→ **Problem**: Repeat the listing exactly. The images do not belong in the copy.
BEGIN Dataset extract
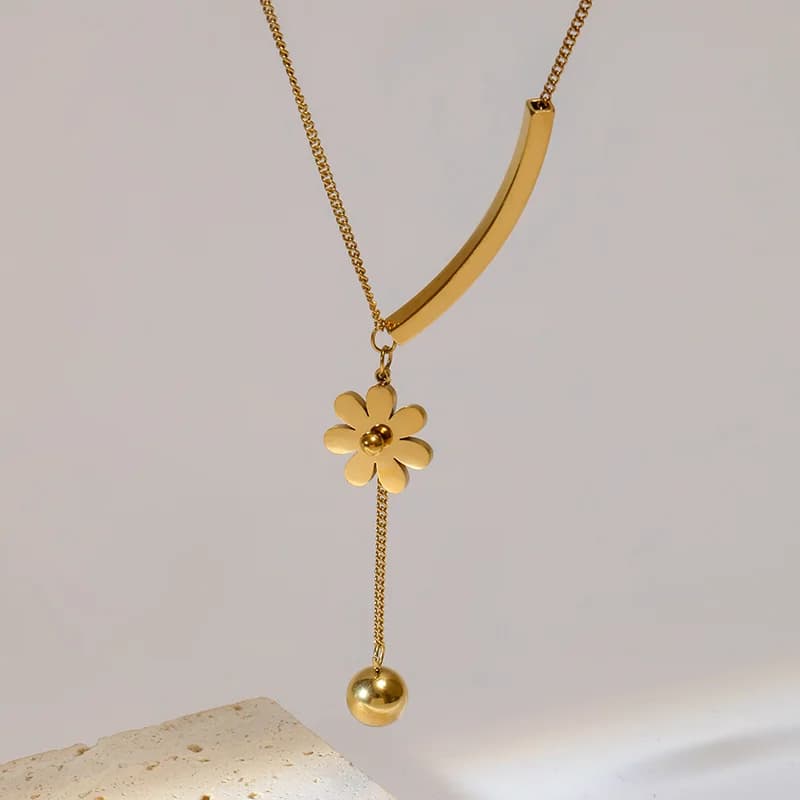 Gold Flower Necklace and Bracelet Set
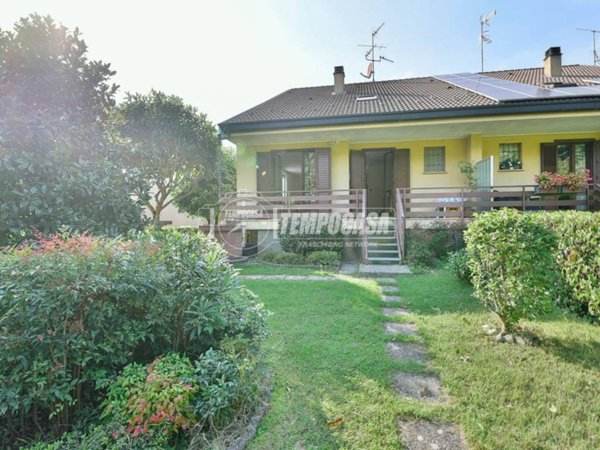 casa indipendente in vendita a Cantù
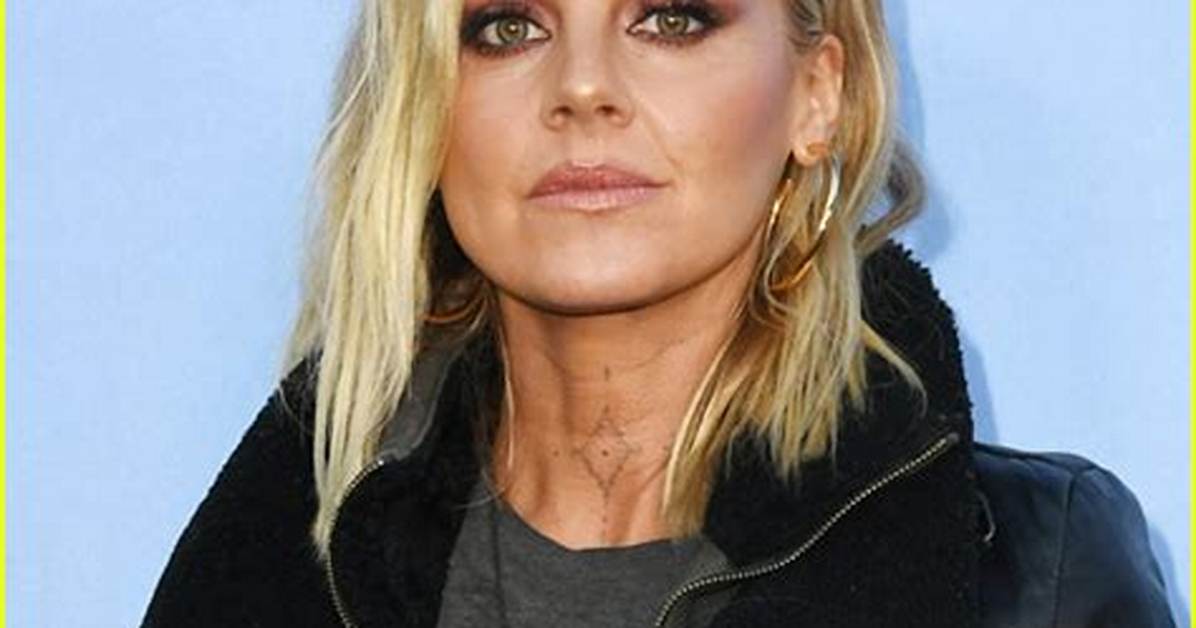 Eliza Coupe Net Worth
END Dataset extract
→ **Exercise solution**:
 Gold Flower Necklace and Bracelet Set
 casa indipendente in vendita a Cantù
 Eliza Coupe Net Worth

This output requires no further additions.